START Record extracts

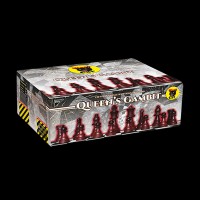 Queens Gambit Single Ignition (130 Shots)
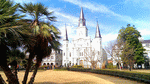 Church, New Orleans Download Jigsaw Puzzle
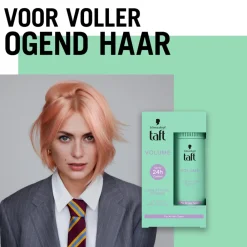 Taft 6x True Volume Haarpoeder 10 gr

END Record extracts
START Record extracts

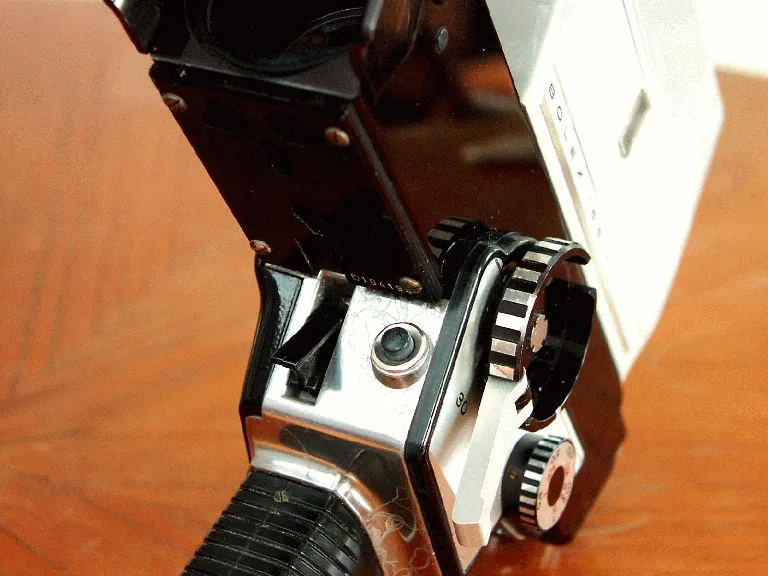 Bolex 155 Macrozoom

END Record extracts

Both the line above containing "Church, New Orleans Download Jigsaw Puzzle" and the line containing "Taft 6x True Volume Haarpoeder 10 gr" belong in the copy, along with every line between them; print these exactly and omit the pictures.

 Church, New Orleans Download Jigsaw Puzzle
 Taft 6x True Volume Haarpoeder 10 gr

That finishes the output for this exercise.